I am not wedded to this view though. I am open to the possibility I am misinformed in some way. If I am later introduced to information that shows this to be the case, I will admit my ignorance. As my favourite bumper sticker reminds me, “Don’t Believe Everything You Think”.

As it stands though, this is why I believe what I do. Feel free to disagree (but please don’t shout).

The start of the overreach

When started at MLC back in 2001, the flavour of the moment when it came to financial advice – or more specifically the method of demonstrating the value of advice to new prospects – was lifestyle financial planning.

It was essentially a form of what would now be called objectives-based advice, or goal-centric advice, with one distinct difference; it went further than just making specific goals the centre of the discussion, to making a specific state of living that objective:

  • I want to work less.
  • I want to travel more.
  • I want to enjoy my work more.
  • I want to provide for my family.
  • I want to have better relationships.
  • I want to leave a legacy.

The problem with this approach was that although it created a wonderful discussion, at the end of the day the advisers, who had predominantly been investment or product-centric up to that point, were left with one big question once the meeting had ended.

How do I deliver this?

Marketing & outcomes

Marketing as a vocation is a vast and diverse body of knowledge.

There are so many different aspects to it that sometimes I feel that each should be dealt with as individual “sciences” – linked but ultimately very different in nature.

Tucked in behind marketing is ‘sales’, itself utterly different and, much like the various sciences, focused on similar outcomes.

The focus of marketing and sales is turning complete strangers into buyers, customers or clients.

There are so many ways to slice and dice one approach from another, and let me draw one such line between two distinctions.

  • Marketing & sales that promises deliverable outcomes, and
  • Marketing & sales that promises mostly undeliverable outcomes.

In what I do as a business coach, there are certain promises I can make and be reasonably clear about the probable outcome.

I know that a firm I begin working with whose total revenue per adviser is under $400k will, as long as they implement what we agree needs to happen, generate at least a six-figure uplift in revenue within the first 12 months without any increase to expenses or capacity.

I know that a firm that comes to me with issues converting prospects to new clients, given the right starting point, can remove all fee sensitivity from the first meeting, lift conversion rates to 80$%+ and get a decision to engage within 2 days of the meeting without any pre-preparation or factfinding before the meeting and without need for any proposal.

I know that by implementing a client experience map, a practice I work with generate at the very least double the number of client referrals within 12 months, get 70% of clients engaging with the Review process at the first contact (including returning all pre-work ahead of time) and enjoy 98%+ retention rates, even if they are also increasing fees annually.

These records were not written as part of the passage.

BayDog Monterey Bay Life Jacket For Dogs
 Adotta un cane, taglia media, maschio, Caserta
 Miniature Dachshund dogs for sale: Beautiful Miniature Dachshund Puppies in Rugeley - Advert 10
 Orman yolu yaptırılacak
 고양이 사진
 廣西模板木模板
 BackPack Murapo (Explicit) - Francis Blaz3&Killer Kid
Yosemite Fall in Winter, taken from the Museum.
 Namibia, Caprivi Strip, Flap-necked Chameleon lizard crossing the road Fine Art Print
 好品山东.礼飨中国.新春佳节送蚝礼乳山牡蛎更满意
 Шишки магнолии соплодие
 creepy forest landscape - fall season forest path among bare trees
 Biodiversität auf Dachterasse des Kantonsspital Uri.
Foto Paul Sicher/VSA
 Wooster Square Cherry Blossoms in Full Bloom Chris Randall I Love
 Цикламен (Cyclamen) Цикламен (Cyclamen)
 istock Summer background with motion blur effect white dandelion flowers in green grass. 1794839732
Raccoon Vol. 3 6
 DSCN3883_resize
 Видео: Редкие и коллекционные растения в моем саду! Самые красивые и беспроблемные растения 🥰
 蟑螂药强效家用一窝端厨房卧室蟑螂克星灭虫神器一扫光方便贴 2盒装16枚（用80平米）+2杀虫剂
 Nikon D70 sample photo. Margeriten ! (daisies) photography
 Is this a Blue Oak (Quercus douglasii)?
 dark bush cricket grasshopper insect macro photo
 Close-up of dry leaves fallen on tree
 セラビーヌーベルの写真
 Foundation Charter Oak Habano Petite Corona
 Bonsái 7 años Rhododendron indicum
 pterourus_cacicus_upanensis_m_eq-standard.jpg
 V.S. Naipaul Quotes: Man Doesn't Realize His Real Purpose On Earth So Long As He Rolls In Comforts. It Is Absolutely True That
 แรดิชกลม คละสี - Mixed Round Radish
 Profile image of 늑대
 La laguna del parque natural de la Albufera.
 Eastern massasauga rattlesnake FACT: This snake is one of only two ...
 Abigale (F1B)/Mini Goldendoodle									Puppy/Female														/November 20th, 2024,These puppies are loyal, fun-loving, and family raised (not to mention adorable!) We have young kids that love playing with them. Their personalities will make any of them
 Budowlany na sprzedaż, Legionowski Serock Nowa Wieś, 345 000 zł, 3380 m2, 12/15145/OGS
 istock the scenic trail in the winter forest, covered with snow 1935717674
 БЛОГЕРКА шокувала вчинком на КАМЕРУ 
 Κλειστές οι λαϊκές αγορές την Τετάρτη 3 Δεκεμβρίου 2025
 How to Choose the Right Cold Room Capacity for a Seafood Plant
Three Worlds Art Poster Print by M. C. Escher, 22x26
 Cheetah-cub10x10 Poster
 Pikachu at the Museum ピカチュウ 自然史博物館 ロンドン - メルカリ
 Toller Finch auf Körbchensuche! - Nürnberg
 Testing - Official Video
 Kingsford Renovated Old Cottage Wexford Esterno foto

I can make these promises because:

  1. There is a process and method behind each project that has been repeated many times over, which creates the transformation,
  2. I’m clear on what is needed from the firm, both in terms of situation and action, as a starting point (aka the before)
  3. I am aware that failure to get the result in the timeframe – 12 months, usually – is highly detrimental to my client, our relationship, and ultimately my reputation.

Does that mean every client achieves the outcome?

If they implement what we agree needs to happen, yes.

The caveat exists because I am also aware that there are factors here that are outside my control.

These are things I am very clear about, and why I am comfortable making those statements – it’s the line between knowing what I can do, and what I don’t.

The Expectation Gap

The key point is about expectation.

The goals-based approach – which if done well isn’t ever primarily about financial goals (because most people’s goals aren’t primarily financial) – is about three things.

  1. Getting clear agreement of the desired outcome to the level that it can be defined and becomes measurable.
  2. Working backwards from there to understand the starting position in relevant terms.
  3. Identifying what actions can be taken based on what I know to work to bridge the gap within the desired (or agreed) timeframe.

If I can’t bridge the gap, I am (and should be) open and honest about it and share what I think is possible, reasonable and likely.

My problem with the values-based approach is that it seems to fool itself into missing this part of the puzzle.

Values as outcomes

Values aren’t goals. I think we can all agree on that.

Goals can be ticked off life’s bucket list. Values cannot (but they can change).

According to the dictionary definition, values are:

1. The regard that something is held to deserve; the importance, worth, or usefulness of something.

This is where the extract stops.